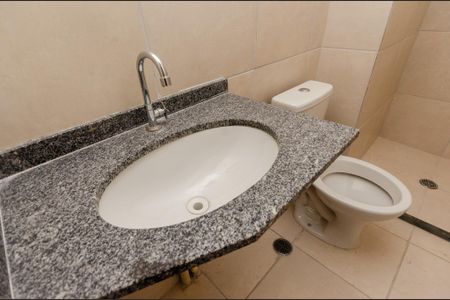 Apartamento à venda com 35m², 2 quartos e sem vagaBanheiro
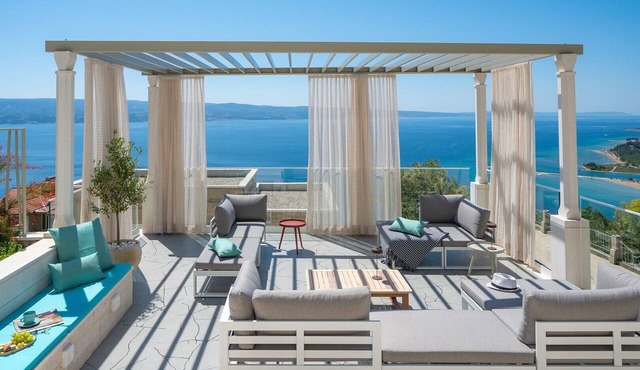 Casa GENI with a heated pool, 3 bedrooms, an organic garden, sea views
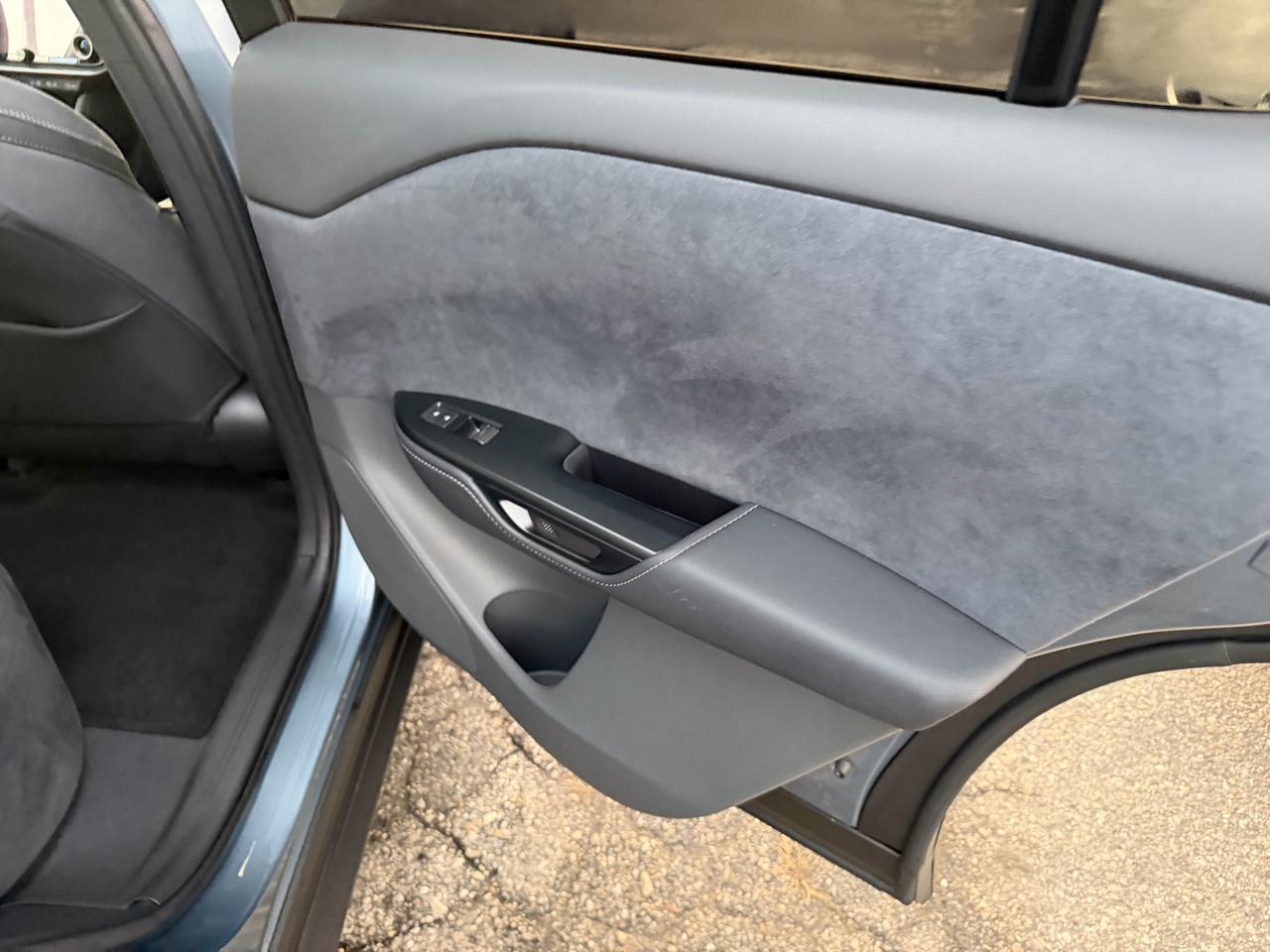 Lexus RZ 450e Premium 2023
* * *
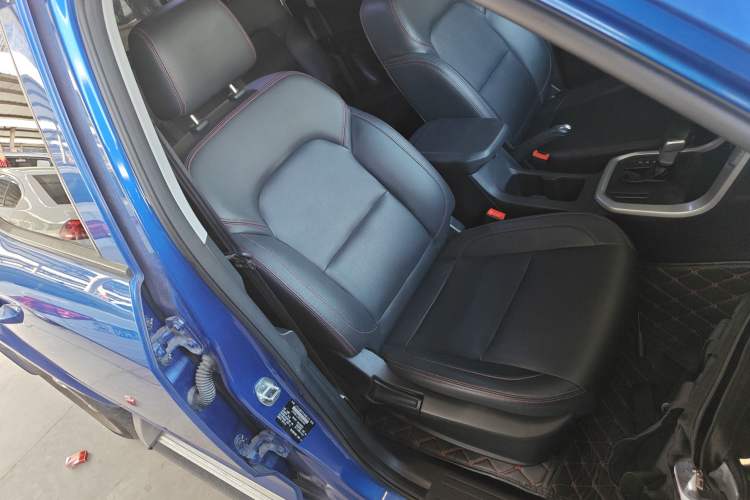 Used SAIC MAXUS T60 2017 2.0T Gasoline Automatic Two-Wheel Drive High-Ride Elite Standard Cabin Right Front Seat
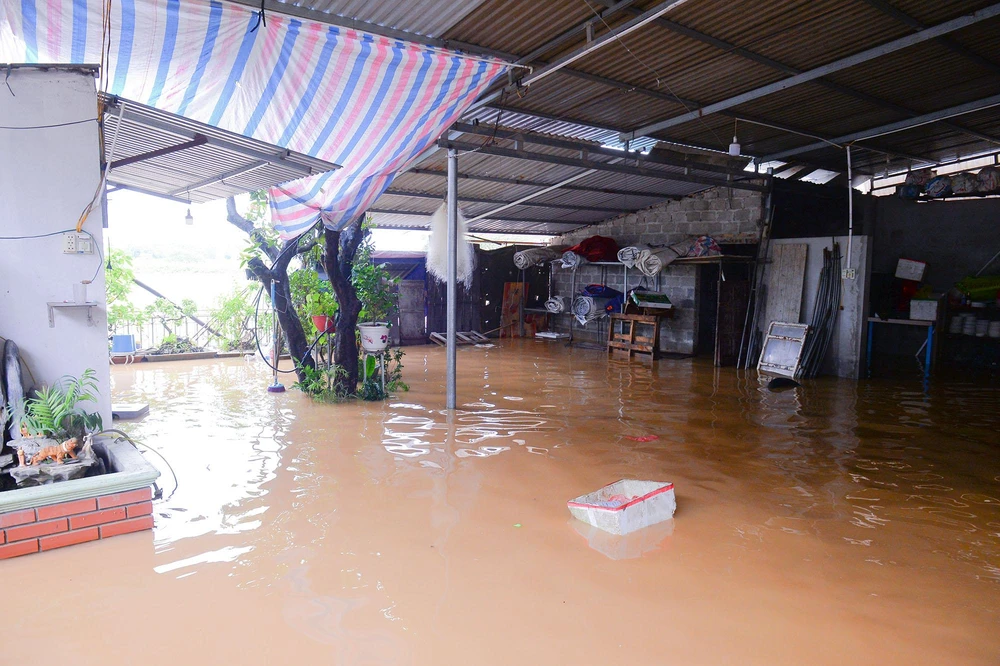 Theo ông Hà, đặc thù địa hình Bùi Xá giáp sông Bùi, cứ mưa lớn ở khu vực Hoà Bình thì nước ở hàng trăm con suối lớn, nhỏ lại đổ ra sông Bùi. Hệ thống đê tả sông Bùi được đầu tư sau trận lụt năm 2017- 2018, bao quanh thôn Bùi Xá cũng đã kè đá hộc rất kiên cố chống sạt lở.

■ **What the exercise asks**
Your answer must be everything above from the line with "Apartamento à venda" down to the line with "Lexus RZ 450e Premium 2023", word for word, and no pictures.

■ **Completed task**
 Apartamento à venda com 35m², 2 quartos e sem vagaBanheiro
 Casa GENI with a heated pool, 3 bedrooms, an organic garden, sea views
 Lexus RZ 450e Premium 2023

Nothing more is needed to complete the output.